__Aim of the exercise__.
Return each line of the listing in which the word "Shirt" appears.

══ Recorded data ══

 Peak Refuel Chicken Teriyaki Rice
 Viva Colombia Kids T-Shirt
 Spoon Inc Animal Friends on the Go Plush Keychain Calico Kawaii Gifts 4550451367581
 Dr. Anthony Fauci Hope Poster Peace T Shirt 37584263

═══

__Result__.
 Viva Colombia Kids T-Shirt
 Dr. Anthony Fauci Hope Poster Peace T Shirt 37584263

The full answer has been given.